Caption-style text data
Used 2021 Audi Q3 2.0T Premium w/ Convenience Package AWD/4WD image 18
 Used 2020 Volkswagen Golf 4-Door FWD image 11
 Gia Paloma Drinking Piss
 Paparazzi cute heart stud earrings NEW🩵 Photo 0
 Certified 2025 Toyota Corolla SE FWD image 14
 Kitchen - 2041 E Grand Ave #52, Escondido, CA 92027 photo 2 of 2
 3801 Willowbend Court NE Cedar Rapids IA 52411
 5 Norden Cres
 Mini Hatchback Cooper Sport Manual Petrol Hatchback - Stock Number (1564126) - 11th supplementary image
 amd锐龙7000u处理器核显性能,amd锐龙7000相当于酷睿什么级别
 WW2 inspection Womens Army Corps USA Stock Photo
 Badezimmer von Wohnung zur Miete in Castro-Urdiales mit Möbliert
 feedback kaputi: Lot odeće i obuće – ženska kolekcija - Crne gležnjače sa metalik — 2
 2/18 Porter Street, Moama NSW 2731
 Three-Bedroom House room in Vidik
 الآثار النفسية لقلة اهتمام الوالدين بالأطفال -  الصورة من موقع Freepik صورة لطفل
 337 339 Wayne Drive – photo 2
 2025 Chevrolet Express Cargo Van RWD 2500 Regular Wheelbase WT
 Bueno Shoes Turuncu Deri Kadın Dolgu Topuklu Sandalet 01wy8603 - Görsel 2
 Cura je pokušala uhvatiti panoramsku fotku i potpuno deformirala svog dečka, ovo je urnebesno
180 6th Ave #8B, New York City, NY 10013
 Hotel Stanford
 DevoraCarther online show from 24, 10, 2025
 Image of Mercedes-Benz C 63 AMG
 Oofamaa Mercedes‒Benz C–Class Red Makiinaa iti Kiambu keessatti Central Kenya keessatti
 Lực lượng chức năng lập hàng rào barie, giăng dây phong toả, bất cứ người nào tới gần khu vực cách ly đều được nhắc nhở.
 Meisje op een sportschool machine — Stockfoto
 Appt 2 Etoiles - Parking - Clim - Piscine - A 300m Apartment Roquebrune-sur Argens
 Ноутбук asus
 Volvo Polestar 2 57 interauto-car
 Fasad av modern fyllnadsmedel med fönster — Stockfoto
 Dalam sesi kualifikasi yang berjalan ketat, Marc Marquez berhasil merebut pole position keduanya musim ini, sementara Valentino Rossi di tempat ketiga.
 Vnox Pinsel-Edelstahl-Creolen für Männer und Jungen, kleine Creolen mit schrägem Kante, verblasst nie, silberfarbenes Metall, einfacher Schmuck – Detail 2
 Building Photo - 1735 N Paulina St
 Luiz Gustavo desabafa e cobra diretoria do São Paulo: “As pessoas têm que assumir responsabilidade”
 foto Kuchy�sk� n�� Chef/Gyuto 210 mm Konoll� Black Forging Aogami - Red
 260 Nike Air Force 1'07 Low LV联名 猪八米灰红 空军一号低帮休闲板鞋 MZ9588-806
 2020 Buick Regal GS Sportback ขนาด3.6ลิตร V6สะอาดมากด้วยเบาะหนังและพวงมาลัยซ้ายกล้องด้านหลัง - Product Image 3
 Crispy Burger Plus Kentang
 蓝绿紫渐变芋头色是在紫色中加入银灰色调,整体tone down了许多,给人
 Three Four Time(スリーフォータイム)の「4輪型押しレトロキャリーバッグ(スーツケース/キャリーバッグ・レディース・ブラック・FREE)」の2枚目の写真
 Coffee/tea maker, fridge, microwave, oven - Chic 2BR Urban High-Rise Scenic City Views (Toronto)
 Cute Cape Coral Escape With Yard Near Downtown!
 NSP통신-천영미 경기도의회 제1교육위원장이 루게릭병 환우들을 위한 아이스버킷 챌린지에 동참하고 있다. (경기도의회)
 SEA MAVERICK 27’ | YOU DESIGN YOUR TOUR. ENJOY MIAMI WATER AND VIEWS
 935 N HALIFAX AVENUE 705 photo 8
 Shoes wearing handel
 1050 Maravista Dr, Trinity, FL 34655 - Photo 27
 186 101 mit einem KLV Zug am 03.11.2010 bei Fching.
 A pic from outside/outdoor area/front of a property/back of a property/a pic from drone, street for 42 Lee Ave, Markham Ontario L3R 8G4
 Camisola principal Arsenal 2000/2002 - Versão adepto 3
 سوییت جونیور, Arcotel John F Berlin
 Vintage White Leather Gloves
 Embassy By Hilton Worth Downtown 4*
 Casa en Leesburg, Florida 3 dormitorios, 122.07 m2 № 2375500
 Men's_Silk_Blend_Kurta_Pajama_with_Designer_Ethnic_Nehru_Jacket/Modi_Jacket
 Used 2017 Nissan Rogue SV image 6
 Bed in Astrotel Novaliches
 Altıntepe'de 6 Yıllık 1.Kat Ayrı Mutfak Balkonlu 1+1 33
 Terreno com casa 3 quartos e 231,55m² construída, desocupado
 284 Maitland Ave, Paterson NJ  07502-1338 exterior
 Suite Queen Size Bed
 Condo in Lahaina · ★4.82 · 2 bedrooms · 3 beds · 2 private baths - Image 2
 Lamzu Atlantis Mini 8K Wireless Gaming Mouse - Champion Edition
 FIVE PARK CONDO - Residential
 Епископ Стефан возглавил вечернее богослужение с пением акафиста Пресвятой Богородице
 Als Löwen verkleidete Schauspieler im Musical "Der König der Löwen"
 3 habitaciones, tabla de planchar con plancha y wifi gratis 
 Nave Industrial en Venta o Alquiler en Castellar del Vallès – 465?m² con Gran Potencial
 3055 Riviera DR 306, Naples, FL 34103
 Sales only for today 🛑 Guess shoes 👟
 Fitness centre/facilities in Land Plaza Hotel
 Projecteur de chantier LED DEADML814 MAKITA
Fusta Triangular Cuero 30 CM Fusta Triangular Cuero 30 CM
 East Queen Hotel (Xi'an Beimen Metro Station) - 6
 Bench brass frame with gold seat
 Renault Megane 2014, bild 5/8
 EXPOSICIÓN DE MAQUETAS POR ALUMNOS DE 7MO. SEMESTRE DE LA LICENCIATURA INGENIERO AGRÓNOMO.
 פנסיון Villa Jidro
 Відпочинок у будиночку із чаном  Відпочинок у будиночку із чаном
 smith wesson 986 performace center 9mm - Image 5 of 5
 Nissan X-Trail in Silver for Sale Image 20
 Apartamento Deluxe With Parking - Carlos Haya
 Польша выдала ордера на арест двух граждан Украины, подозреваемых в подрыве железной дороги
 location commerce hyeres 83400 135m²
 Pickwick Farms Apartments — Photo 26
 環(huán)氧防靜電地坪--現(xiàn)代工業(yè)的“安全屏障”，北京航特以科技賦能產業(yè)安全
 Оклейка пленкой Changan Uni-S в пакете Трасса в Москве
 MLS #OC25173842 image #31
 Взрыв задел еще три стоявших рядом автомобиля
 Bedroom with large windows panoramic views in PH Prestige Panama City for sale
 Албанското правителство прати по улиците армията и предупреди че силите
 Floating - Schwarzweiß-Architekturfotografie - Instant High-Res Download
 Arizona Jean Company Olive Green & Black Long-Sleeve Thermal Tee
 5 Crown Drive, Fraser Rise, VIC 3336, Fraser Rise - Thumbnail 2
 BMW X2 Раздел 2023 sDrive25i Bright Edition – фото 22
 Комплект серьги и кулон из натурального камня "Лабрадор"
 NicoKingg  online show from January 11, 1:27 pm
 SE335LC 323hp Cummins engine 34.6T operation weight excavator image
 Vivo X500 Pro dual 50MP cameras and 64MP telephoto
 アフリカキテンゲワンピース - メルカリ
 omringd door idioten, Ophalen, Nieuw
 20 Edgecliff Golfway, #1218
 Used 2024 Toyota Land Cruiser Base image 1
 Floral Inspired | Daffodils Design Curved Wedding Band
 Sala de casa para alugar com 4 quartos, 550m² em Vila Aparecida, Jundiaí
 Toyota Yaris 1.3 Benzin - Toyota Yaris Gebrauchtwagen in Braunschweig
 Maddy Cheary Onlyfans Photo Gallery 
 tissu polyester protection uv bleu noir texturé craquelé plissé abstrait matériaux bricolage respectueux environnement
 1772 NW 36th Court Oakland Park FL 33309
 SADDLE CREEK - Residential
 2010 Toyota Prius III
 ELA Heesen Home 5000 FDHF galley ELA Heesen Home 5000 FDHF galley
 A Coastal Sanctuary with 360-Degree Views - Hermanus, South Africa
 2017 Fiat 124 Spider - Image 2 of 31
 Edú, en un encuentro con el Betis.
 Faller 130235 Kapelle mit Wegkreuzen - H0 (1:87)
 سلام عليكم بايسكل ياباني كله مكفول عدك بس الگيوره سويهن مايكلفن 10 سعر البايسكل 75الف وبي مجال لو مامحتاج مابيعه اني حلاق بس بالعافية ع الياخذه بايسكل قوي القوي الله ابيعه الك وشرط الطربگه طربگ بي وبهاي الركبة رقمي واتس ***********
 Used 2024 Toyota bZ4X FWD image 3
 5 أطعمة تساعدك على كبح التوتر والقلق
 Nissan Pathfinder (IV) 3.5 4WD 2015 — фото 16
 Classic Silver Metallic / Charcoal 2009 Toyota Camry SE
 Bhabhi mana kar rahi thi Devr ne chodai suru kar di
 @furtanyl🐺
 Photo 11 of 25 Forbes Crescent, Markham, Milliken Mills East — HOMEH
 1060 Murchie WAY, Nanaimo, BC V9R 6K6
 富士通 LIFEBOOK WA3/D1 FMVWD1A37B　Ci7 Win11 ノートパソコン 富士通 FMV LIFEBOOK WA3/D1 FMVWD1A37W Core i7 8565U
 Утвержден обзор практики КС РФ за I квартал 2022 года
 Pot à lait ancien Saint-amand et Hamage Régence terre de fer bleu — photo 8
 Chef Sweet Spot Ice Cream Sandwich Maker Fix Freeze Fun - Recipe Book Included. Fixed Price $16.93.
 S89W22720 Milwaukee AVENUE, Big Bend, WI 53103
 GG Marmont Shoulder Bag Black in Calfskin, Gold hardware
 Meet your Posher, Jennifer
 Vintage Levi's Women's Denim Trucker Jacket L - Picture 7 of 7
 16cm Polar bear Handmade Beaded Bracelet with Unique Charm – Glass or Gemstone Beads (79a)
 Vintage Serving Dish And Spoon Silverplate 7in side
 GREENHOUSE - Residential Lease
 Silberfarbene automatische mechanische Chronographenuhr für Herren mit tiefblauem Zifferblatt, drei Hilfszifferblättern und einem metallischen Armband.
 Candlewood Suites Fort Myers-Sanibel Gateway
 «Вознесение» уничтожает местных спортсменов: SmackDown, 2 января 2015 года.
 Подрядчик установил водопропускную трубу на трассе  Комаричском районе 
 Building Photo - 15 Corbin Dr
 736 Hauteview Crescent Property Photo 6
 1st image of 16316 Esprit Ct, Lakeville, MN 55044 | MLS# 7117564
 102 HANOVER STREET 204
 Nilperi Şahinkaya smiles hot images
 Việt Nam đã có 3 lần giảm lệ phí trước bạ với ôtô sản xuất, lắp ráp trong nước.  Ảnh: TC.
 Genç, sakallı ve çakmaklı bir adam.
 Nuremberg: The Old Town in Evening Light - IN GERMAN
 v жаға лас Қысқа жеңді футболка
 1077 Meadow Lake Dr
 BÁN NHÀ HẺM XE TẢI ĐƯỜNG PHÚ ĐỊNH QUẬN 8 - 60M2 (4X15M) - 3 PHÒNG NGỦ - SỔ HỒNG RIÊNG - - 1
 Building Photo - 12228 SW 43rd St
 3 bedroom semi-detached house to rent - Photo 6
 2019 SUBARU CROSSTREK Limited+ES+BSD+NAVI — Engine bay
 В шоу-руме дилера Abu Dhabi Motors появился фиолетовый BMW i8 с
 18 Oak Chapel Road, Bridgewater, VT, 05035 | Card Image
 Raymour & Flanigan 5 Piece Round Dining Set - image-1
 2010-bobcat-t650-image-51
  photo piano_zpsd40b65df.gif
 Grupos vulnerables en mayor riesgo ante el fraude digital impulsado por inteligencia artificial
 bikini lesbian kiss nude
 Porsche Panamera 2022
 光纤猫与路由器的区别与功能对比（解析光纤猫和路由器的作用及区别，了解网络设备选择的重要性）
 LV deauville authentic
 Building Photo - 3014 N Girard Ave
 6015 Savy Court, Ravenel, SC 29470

» **ACTIVITY**
Starting at the first line of the data above, please restate word for word every line up to and including the one that holds "5 Norden Cres", and add nothing else.

» **YOUR RESPONSE**
Used 2021 Audi Q3 2.0T Premium w/ Convenience Package AWD/4WD image 18
 Used 2020 Volkswagen Golf 4-Door FWD image 11
 Gia Paloma Drinking Piss
 Paparazzi cute heart stud earrings NEW🩵 Photo 0
 Certified 2025 Toyota Corolla SE FWD image 14
 Kitchen - 2041 E Grand Ave #52, Escondido, CA 92027 photo 2 of 2
 3801 Willowbend Court NE Cedar Rapids IA 52411
 5 Norden Cres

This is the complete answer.